John Tutorro (I can't be spelling that right) deserves the highest praise for bringing out every nuance in such a complex character. He really rose to the challenge, and if it were not so, the film surely would have drown in its lack. Look also for a ramarkable turn in John Goodman's resumee, he proves beyond a shadow of a doubt that he can handle any chore a screenwriter might bequeeth him. He's not just a funny-man, and I for one would just like to say, "well done John, well done indeed.

I'm sure some will call the film pretensious, when in fact, it exposes the original sin, which is pretencion.

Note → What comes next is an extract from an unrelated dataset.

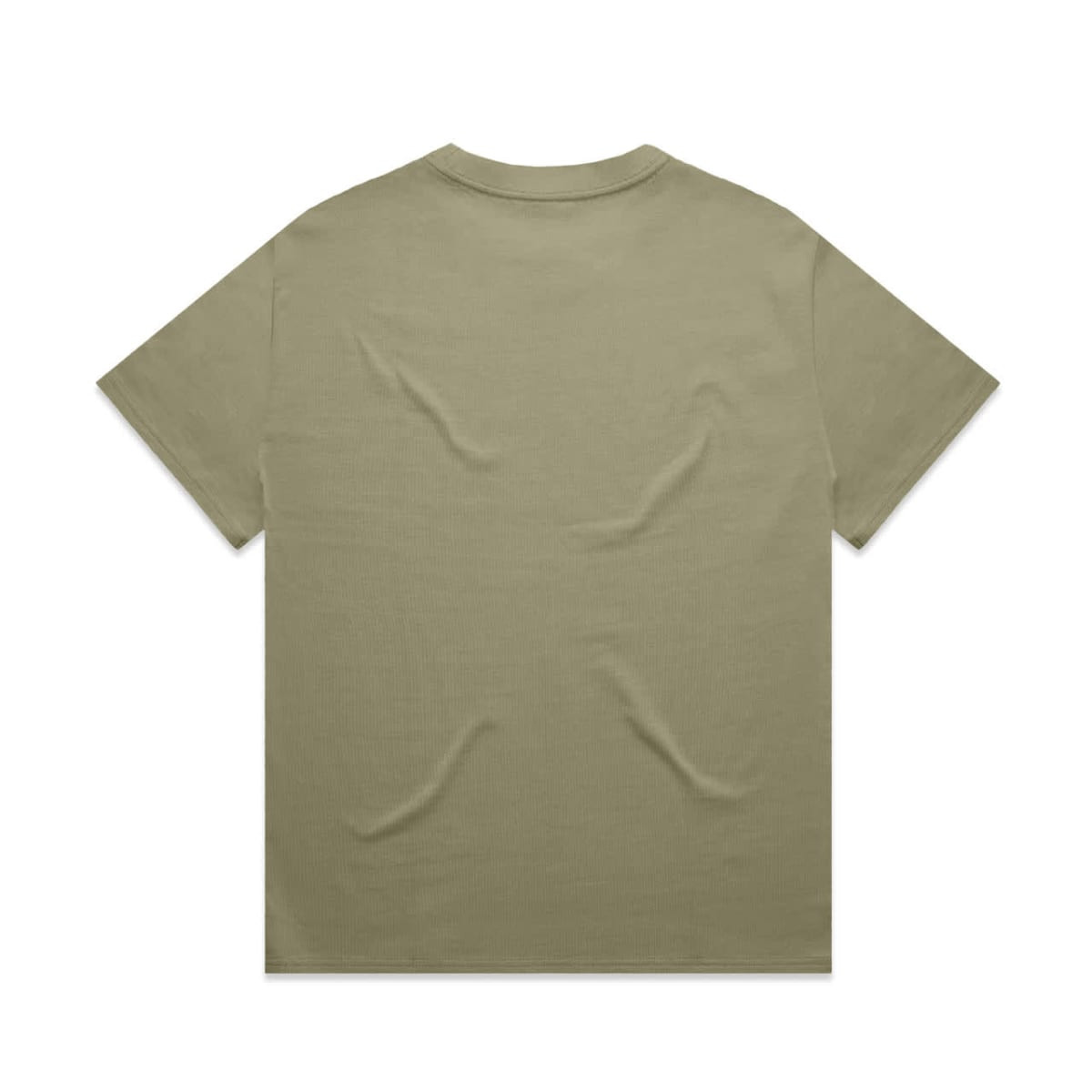 A plain khaki Heavy Tee shirt with a classic crew neck and short sleeves, featuring a logo on the back.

One of the best films of the 20th century!

Rating: 5 stars
Summary: Think Fink
Review: Not a term I'd normally self-apply, but thought is provoked by this brilliant film. Barton Fink's real name is either John Miller or Arthur Steinbeck. He goes to Hollywood, egged on by a bunch of decadent NY Anglos in the critic business. Sells out. He meets Darryl B. DeCohn, or someone like him, aka Mussolini or Goering. Then he meets Scott Faulkner and Sheila Graham. Then he meets The Common Man, aka The Devil. Birth of a Salesman, if you will. The lift boy (sic) is Charon; the floor is 666; the desk clerk is Hermes. There are other happenings, but what the film seems to be about is Christians, Jews and Nazis. Hell on earth, in other words. Charlie Meadows' real name is Karl Mund: Karl = Man; Mund = Mouth = Mond = world. The cops are called Masterman & Deutsch. They are Nazis, natch. Charlie mentions Hell and Christ quite a lot. He has a weighty cross to bear. What's with the wash-basin plug-hole? Seems to symbolize copulation and birth, ingestion and evacuation. What about that picture? Either it's Woolworth kitsch, or else it's another masterpiece by E.Hopper. How did the Coens direct the seabird to dive on cue? Don't be silly --- it must have been faked in some way. Like Raymond Chandler (or do I mean Carver?) said: when you don't know what happens next, bring in a man with a gun. In this case, a man with a shotgun, fitted with a silencer; and have a Lady in a Bed. No lakes in this flick. Kick off two pairs of shoes, and let the feet leave the floor. If you can't get even, get ahead. Was it all Poppy's fault? We know that poppies can generate fantastic dreams, some almost as bad as Nebuchadnezzar's. Seems to me that for the last one or two thousand years Man has believed in something: after the burning fiery furnace, he believes in nothing. He is a Nihilist, who beleefs in nuzzing. He has no ethos. In spite of what Einstein said, there is no answer to anything. However, there is, after all, a Little Lebowski on the way. Tamam Shud.